Capacitor charging another capactior

Discussion in 'Homework Help' started by Vincent9009, Mar 2, 2015.

  1. Vincent9009

    Thread Starter New Member

    Mar 2, 2015
    I have been doing some calculation on capacitors in different circuits lately and everything has been going fine, but this one got me really stuck. As a result I have been scratching my head on this problem for a couple of days now and need some pointers on how to solve it.

    I want to create a function which shows voltage over time for ex.
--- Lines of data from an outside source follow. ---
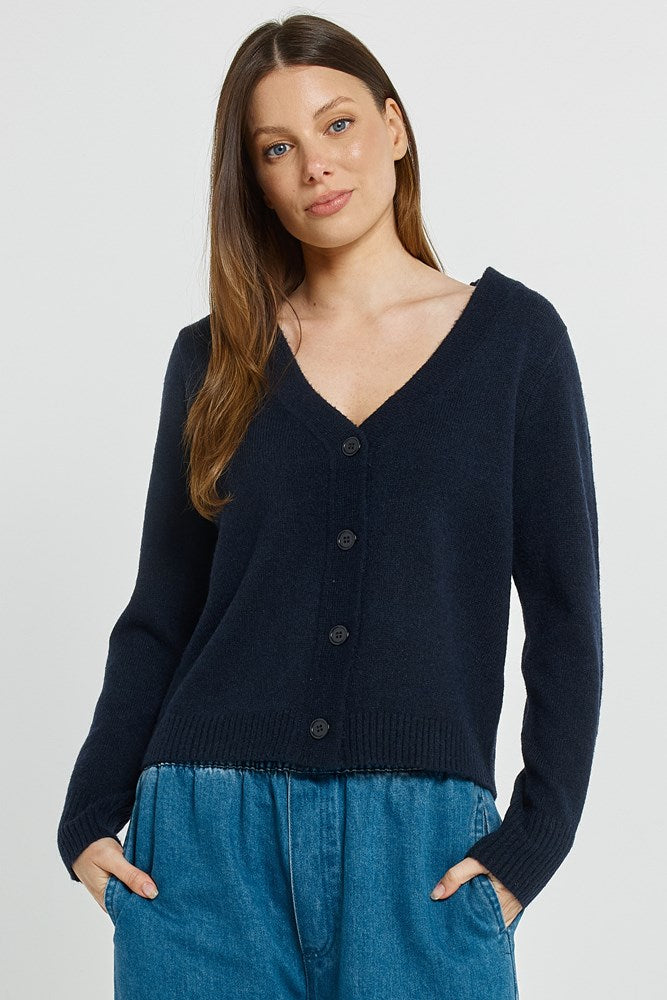 Image of a model wearing Outerwear. Product name - FiFi Cardigan Navy in Navy colour by brand - Betty Basics
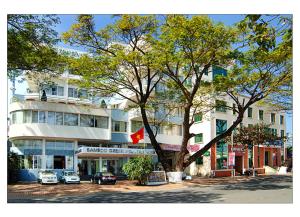 a building with a tree in front of it at Bamboo Green Riverside Hotel in Danang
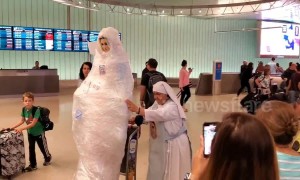 Virgin Mary wheeled around LAX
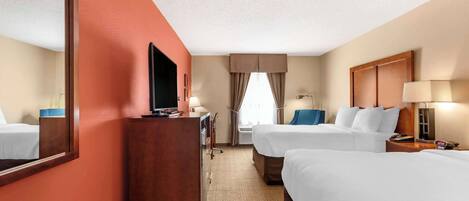 A hotel room with two beds, a desk, a TV, and a large mirror.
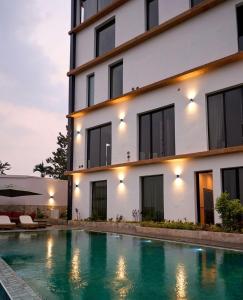 a building with a swimming pool in front of a building at KÓLÒ Hôtel in Yaoundé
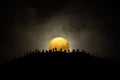 Scary view crowd of zombies on hill with spooky cloudy sky with fog and rising full moon. Silhouette group of zombie walking under Royalty Free Stock Photo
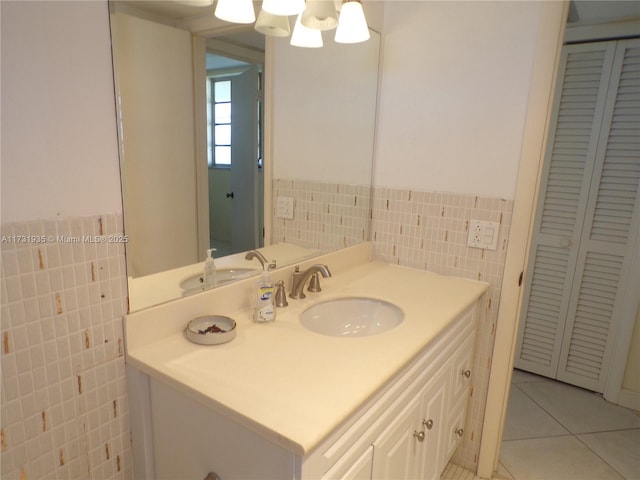 bathroom with tile patterned floors, tile walls, and vanity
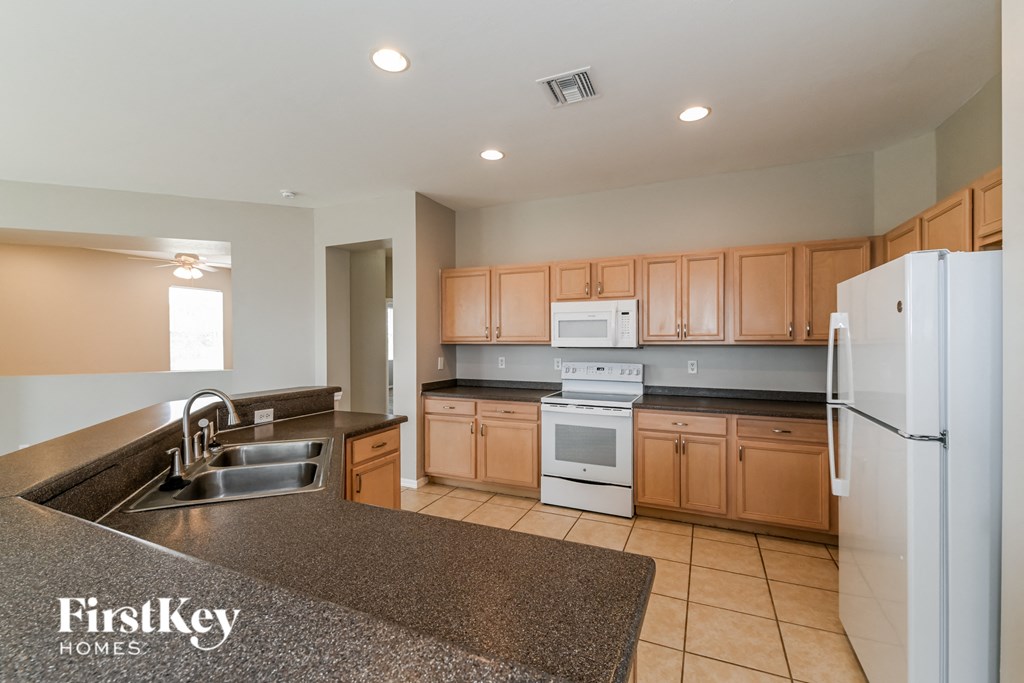 a kitchen with granite counter tops and wooden cabinets
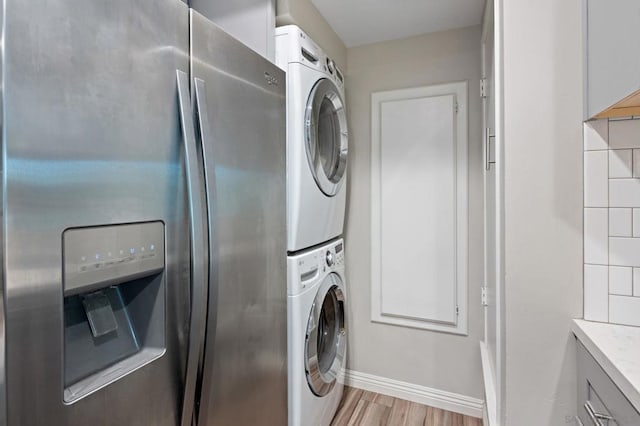 laundry area featuring light hardwood / wood-style floors and stacked washer and clothes dryer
C1.

    The initial condition (t=0) are:
    V(C1) = 4 V => Q(C1) = 2,72 mC
    V(C2) = 0 V
    C1 = C2 = 680 microF
    R1 = 4,7 Kohm

    I have been thinking:
    V(C1) - V(R1) - V(C2) = 0
    V(C1) - R*dq/dt - dq/C = 0

    And this is where I get stuck, Im not really sure how to proceed or even if I'm going in the right direction.
    I can solve this if it had been only a capacitor decharging itself or a power supply charging a capacitor.
    But when it is two capacitors, the voltage over both of them will alter over time and I cant see a solution for this.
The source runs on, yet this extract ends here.